Proper way to FTS Index and search Meta().id or docids using regex or wildcard seaches

“Doc ID with regex” is a way couchbase FTS will allow you to extract “type identifiers” for indexing. Let me explain this better with an example …

Ex: Say you have these documents on your couchbase bucket…

  • doc-airline-23
  • doc-airline-421
  • doc-airport-992

Using the regexp: -[a-z]*-, the docIDs that would match the pattern are: “-airline-” and “-airport-”.
Setting the above regex in your “Doc ID with regex” field, you’ll be able to define top level type mappings: “-airline-” or “-airport-” to index only those documents whose Doc IDs contain the term.

So setting this as your index definition would index all attributes of documents with “-airline-” in their IDs …

{
  "name": "temp",
  "type": "fulltext-index",
  "params": {
    "doc_config": {
      "docid_regexp": "-[a-z]*-",
      "mode": "docid_regexp"
    },
    "mapping": {
      "default_analyzer": "standard",
      "default_datetime_parser": "dateTimeOptional",
      "default_field": "_all",
      "default_mapping": {
        "dynamic": true,
        "enabled": false
      },
      "types": {
        "-airline-": {
          "dynamic": true,
          "enabled": true
        }
      }
    },
    "store": {
      "indexType": "scorch"
    }
  },
  "sourceType": "couchbase",
  "sourceName": "bucket",
  "sourceUUID": "",
  "uuid": ""
}

Hope that explains what “Doc ID with regex” is intended to do. Note that this won’t assist you in searching the doc IDs based on a regexp - it’ll only index ones that you’ve matched using the regexp.

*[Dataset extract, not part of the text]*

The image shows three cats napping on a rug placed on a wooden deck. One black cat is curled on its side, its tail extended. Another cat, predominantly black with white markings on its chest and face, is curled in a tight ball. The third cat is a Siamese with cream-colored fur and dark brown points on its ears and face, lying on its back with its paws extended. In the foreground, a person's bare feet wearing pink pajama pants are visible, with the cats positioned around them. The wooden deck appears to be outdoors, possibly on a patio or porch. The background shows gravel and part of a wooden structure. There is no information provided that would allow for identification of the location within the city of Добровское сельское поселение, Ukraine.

The Doc ID query would only assist you to retrieve documents if you specify the exact ID(s) - so I gather this isn’t what you want.

Now if you want to search across all documents by applying a regexp you would need to issue a regexp query against the “_id” field that FTS automatically indexes.

Taking the previous example again, the following query would fetch me all documents that have “airline” in it …

{
  "query": {
    "regexp": ".*airline.*",
    "field": "_id"
  }
}